- _YOUR ASSIGNMENT_
Output the exact lines that start at the one containing "this 515×343 image." and continue to the last line of the entries below; do not output pictures.
[MATERIAL FOR THIS TASK — start]
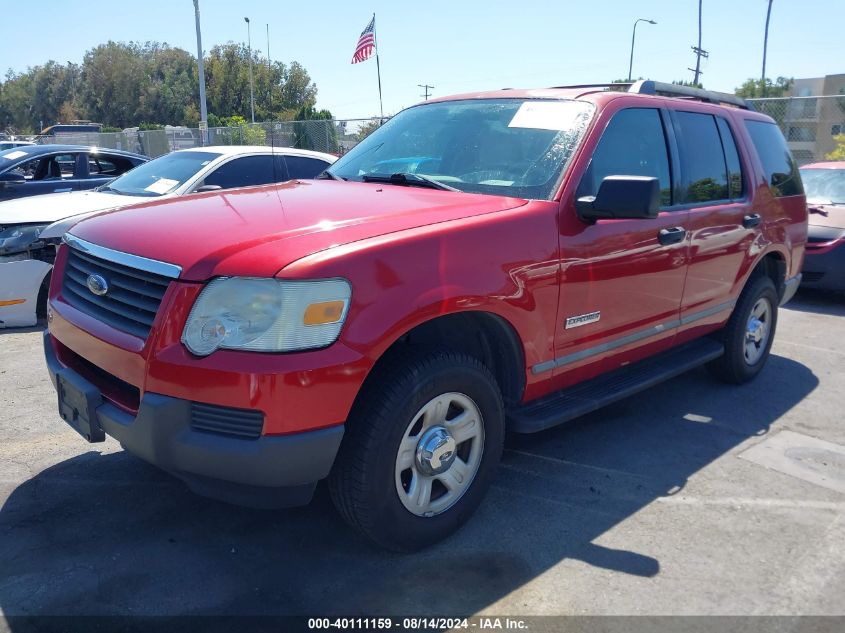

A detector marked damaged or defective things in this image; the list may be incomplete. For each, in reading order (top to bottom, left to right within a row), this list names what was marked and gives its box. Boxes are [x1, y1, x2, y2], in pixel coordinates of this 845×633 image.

white damaged car [0, 146, 336, 328]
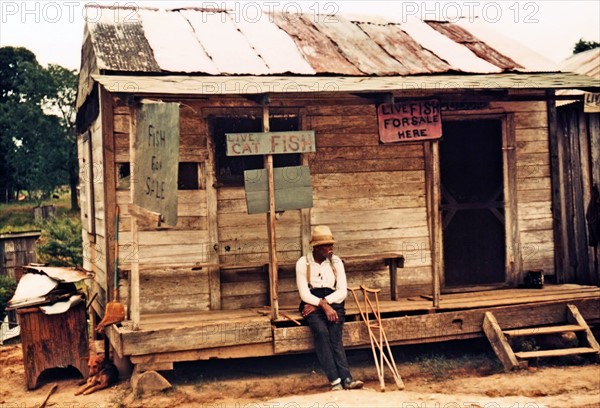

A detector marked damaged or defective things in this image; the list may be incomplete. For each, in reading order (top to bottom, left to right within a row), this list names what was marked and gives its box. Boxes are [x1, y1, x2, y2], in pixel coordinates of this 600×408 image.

rusted corrugated metal roof [84, 4, 564, 75]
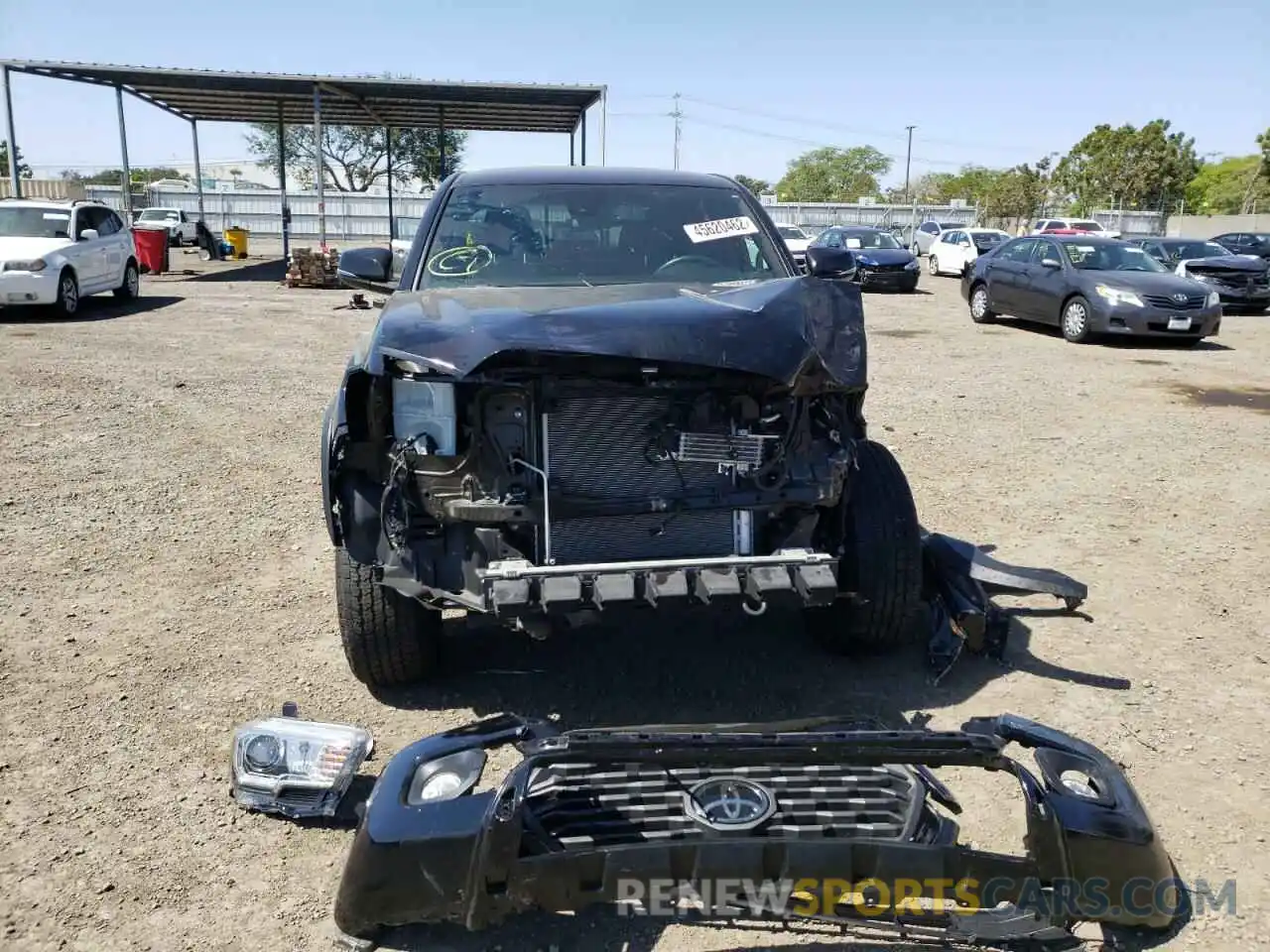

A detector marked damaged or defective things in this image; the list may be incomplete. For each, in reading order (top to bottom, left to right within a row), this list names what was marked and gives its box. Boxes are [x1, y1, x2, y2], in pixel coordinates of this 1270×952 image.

crumpled hood [0, 238, 72, 264]
crumpled hood [853, 247, 913, 266]
crumpled hood [361, 276, 869, 391]
damaged toyota tacoma [321, 168, 917, 686]
detached front bumper [333, 710, 1175, 940]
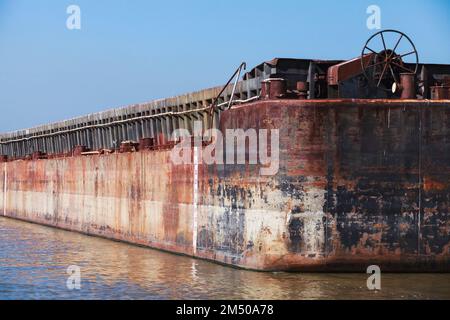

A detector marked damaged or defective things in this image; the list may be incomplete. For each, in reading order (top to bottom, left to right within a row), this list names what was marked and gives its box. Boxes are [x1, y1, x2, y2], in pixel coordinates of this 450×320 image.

rusty barge [0, 29, 450, 270]
corroded metal hull [0, 99, 450, 272]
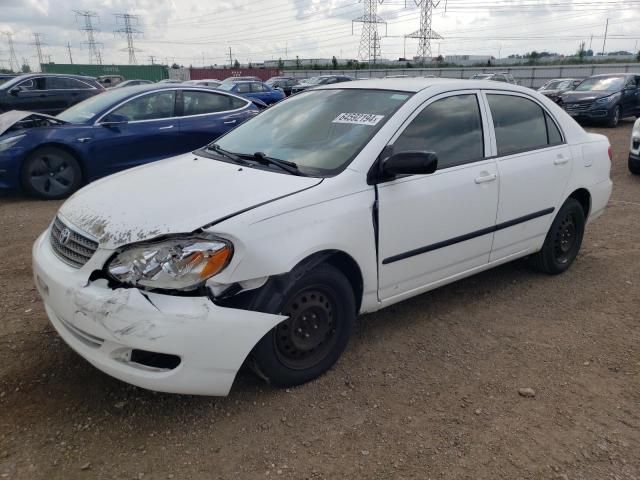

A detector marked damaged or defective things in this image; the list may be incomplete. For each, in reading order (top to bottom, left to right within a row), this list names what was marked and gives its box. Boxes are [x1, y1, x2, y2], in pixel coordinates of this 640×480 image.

damaged front bumper [32, 231, 286, 396]
broken headlight [107, 235, 232, 290]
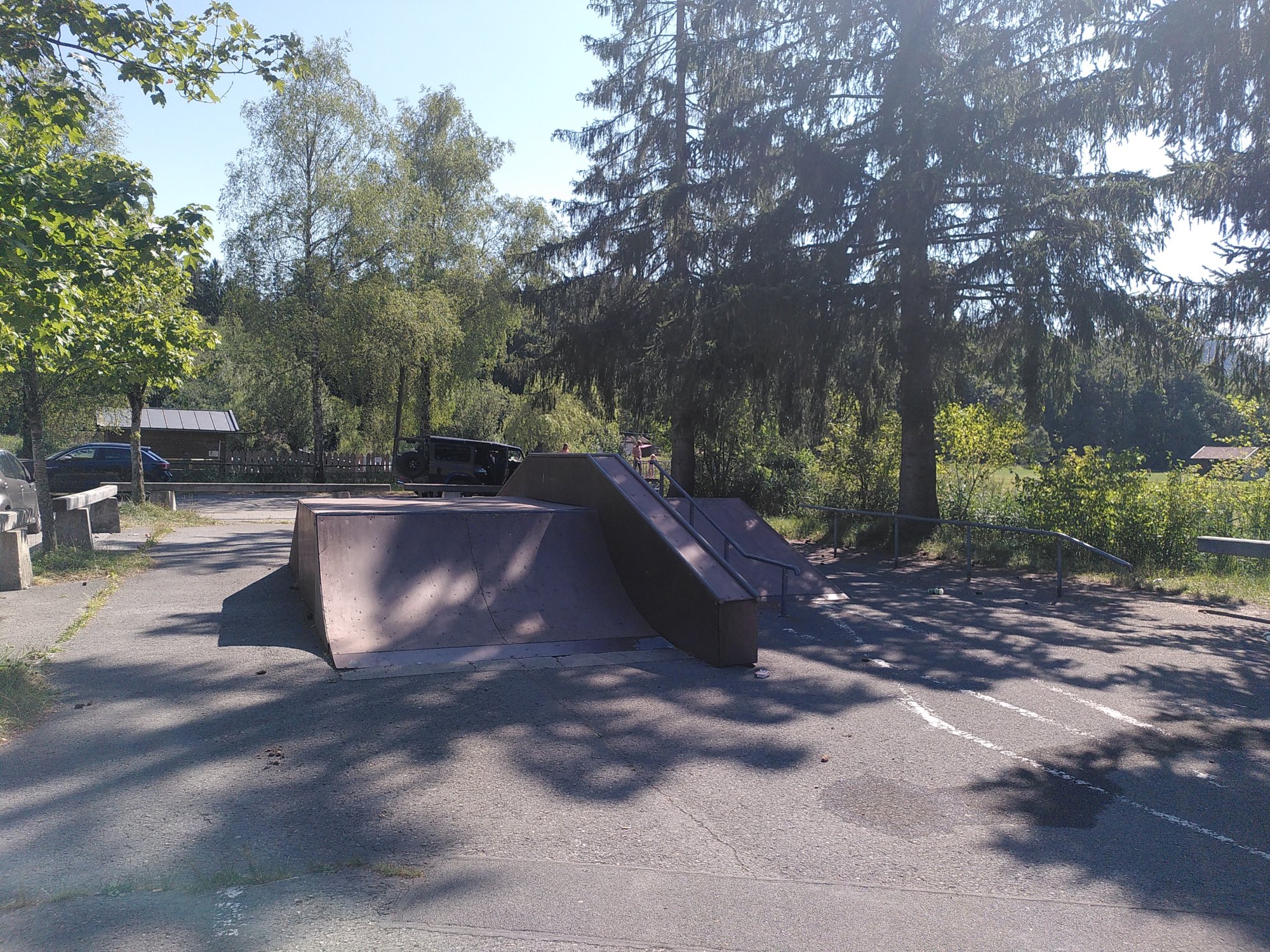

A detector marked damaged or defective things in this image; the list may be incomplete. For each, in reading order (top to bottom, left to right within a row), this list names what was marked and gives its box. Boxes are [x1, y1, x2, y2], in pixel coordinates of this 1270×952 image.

cracked asphalt [0, 510, 1265, 949]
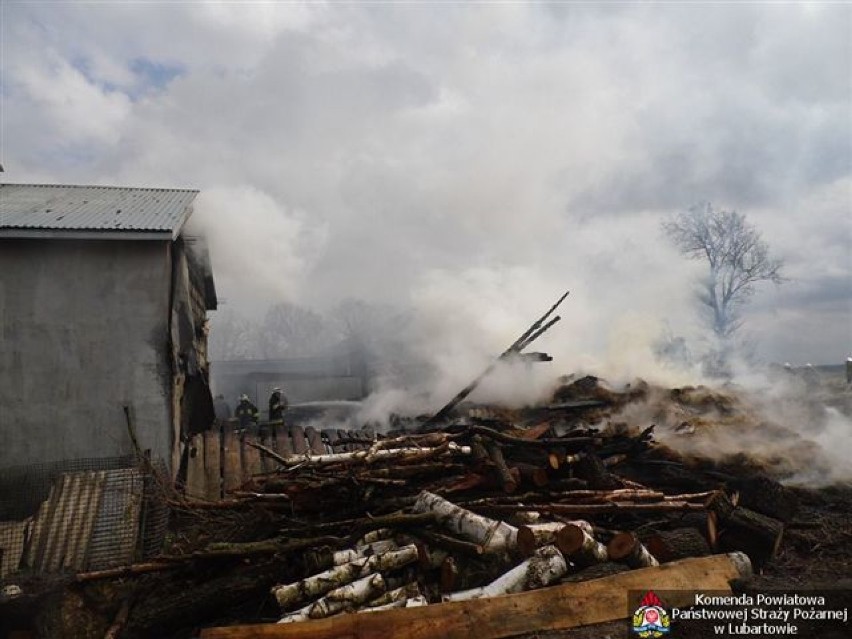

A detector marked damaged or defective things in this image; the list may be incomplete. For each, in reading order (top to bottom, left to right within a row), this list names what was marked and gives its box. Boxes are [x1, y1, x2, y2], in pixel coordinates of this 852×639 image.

burnt wall section [0, 238, 173, 468]
damaged building [0, 182, 218, 472]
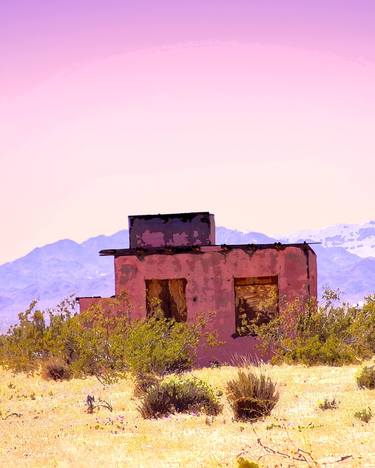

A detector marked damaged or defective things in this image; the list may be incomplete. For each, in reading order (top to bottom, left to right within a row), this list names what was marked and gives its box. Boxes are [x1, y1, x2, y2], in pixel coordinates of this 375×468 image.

broken window opening [146, 278, 188, 322]
broken window opening [235, 274, 280, 336]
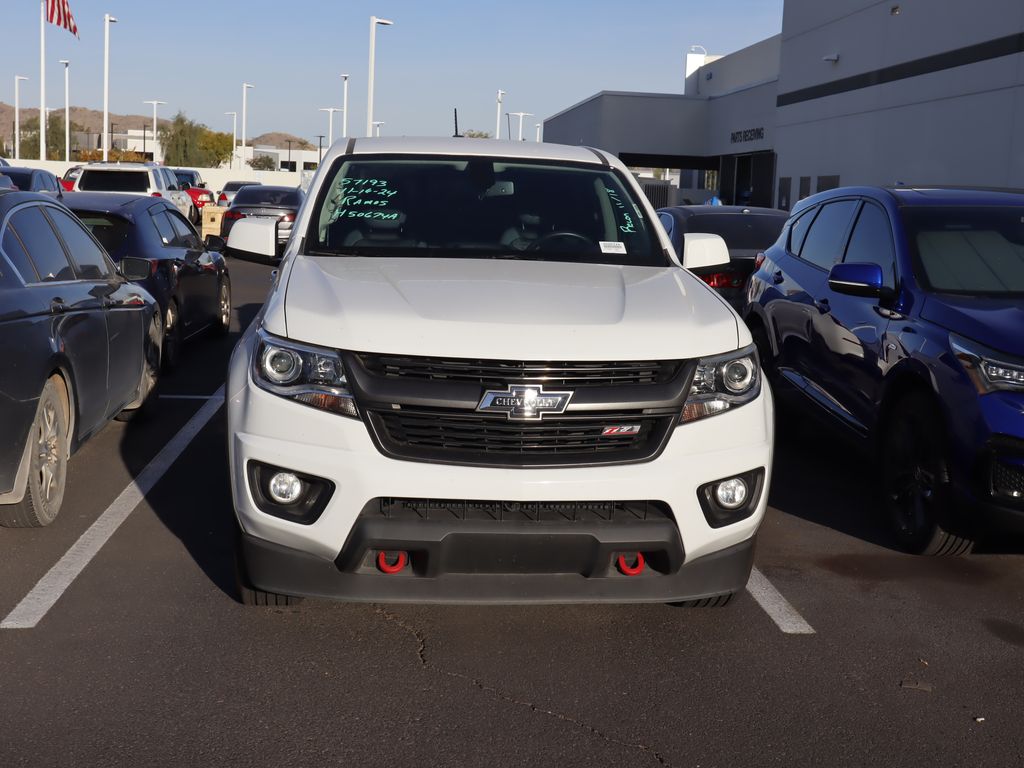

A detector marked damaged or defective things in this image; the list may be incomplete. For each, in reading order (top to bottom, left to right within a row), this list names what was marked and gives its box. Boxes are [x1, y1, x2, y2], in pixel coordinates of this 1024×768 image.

asphalt crack [372, 608, 676, 768]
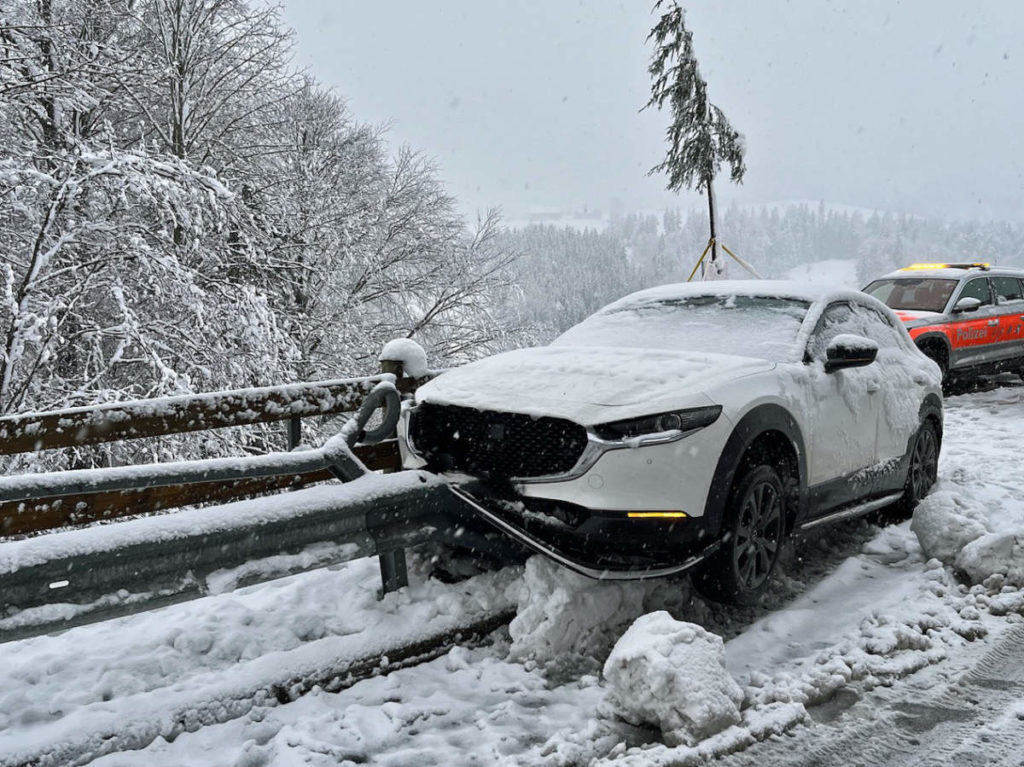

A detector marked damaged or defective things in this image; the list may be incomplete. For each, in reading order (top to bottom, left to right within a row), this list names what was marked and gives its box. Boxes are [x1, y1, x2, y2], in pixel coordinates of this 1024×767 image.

crashed guardrail [0, 348, 470, 640]
bent metal barrier [0, 356, 472, 644]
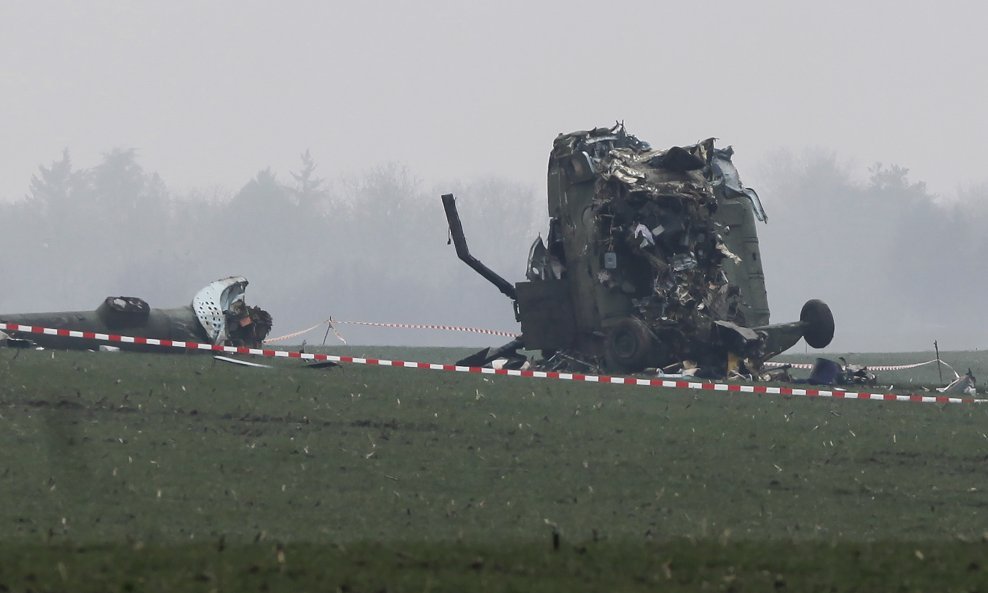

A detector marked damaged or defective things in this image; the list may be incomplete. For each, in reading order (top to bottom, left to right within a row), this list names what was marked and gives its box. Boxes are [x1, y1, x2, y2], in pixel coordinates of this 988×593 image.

broken cockpit frame [0, 278, 272, 352]
broken cockpit frame [440, 123, 832, 376]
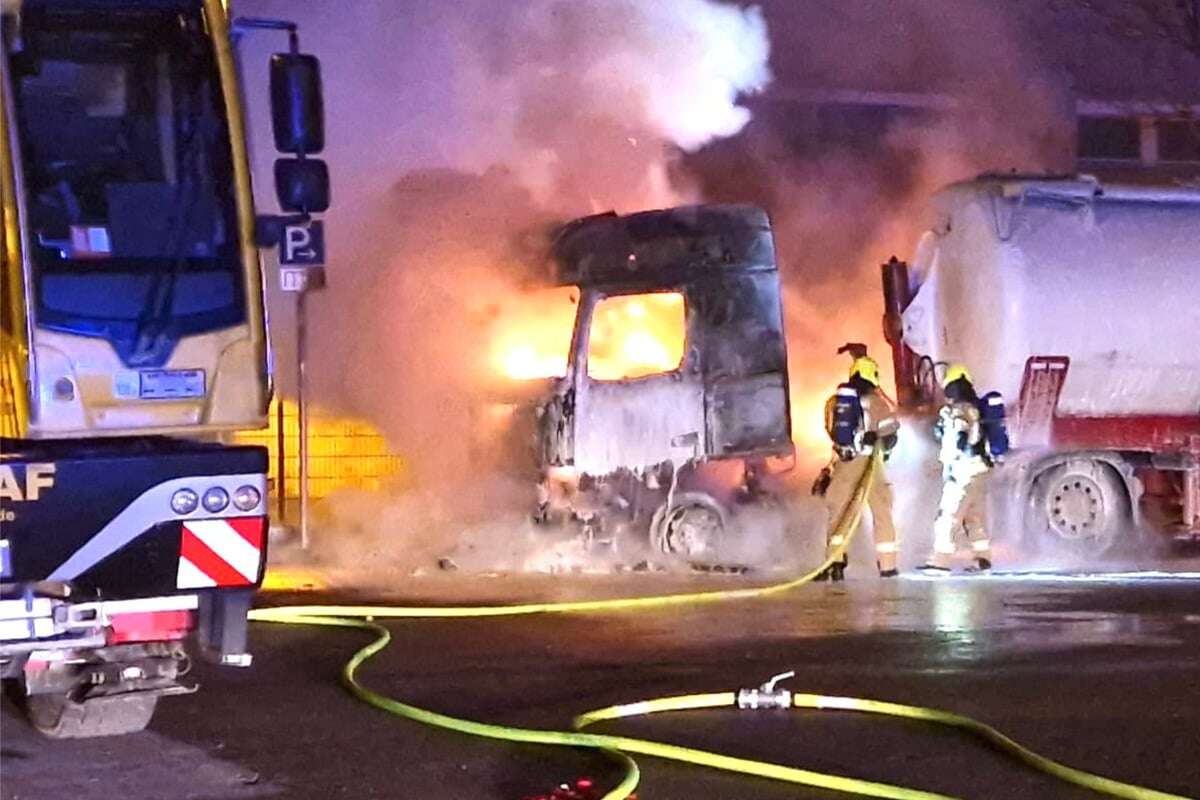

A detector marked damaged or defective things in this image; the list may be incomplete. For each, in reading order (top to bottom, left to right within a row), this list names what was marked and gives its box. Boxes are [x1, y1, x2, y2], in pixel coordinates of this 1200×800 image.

charred cab roof [549, 203, 772, 287]
burned truck cab [540, 203, 792, 561]
burnt truck wheel [652, 494, 724, 563]
burnt truck wheel [1027, 460, 1128, 554]
burnt truck wheel [25, 690, 159, 743]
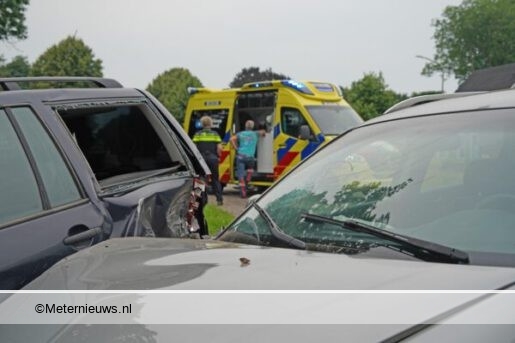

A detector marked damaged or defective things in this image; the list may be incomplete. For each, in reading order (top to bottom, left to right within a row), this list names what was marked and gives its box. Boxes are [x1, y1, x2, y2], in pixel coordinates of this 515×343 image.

damaged silver suv [0, 76, 211, 288]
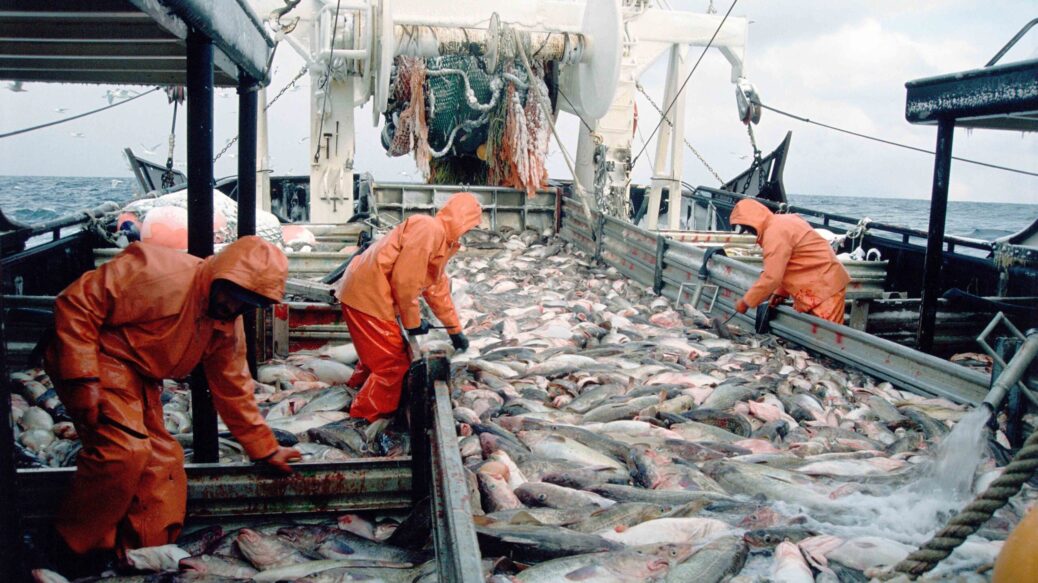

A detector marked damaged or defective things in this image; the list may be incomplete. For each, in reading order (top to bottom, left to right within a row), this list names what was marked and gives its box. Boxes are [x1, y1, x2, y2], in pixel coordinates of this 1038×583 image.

rusty metal surface [16, 458, 411, 522]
[MATERIAL FOR THIS TASK — finish]
- _SOLUTION TO THIS EXERCISE_
A detector marked damaged or defective things in this image; the list may be incomplete. For each, in reading order (top to bottom, left to right within a row), this list names what was marked and gives its box. Boxes are [x1, y1, x2, y2], in pixel coordinates of this 515×343 image.

damaged silver suv [0, 76, 211, 288]

A detector marked damaged or defective things in this image; the list may be incomplete. For each, in reading order (top to bottom, left to right within a row), this list names what was marked and gives its box. Boxes are [x1, y1, x2, y2], in pixel coordinates of this 1038×583 image.

rusty metal surface [16, 458, 411, 522]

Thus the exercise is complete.